WHAT IS NEEDED:
The output should be every line below, retyped exactly, with no images.

DATASET SECTION:
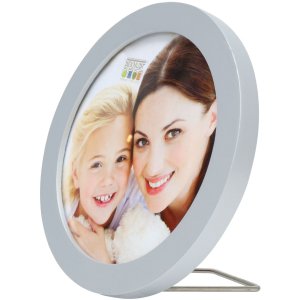 s67yd fotolijst zilver hout 10 cm rond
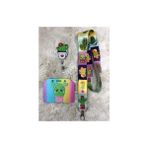 Kaktüs Boyun Askısı Yoyo ve Yan Kartlık Set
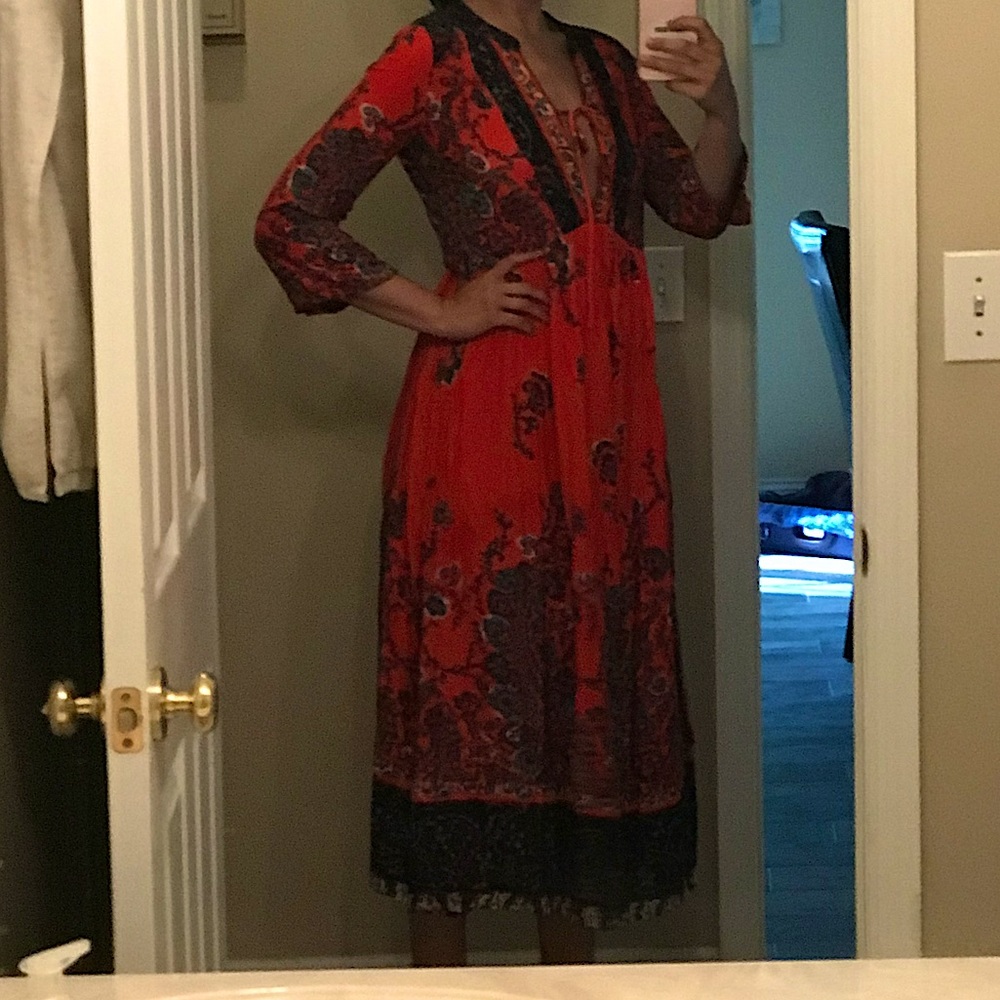 Free People red dress.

SOLUTION TO THE EXERCISE:
 s67yd fotolijst zilver hout 10 cm rond
 Kaktüs Boyun Askısı Yoyo ve Yan Kartlık Set
 Free People red dress.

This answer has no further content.